From the material that follows, please give the number of lines containing the string "کرمان", and that number alone.

Segment Start: INPUT RECORDS

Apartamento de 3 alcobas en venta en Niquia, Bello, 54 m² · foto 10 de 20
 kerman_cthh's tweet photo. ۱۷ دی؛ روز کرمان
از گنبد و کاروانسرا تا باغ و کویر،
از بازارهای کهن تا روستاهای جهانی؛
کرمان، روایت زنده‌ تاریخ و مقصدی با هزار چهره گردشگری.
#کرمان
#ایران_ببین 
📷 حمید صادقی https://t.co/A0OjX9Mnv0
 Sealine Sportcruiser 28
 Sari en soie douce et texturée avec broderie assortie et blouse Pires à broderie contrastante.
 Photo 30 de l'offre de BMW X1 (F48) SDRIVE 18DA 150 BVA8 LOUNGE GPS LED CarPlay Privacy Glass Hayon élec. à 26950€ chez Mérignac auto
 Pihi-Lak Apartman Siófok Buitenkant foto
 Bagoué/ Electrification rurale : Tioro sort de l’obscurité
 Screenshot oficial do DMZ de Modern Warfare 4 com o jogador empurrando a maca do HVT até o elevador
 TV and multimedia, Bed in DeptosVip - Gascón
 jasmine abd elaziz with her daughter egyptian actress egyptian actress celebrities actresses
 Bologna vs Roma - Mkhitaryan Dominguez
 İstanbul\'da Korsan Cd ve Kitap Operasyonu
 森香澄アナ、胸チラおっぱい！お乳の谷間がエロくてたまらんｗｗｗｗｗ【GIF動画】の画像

Segment End: INPUT RECORDS

• SOLUTION FOR THIS EXERCISE:
3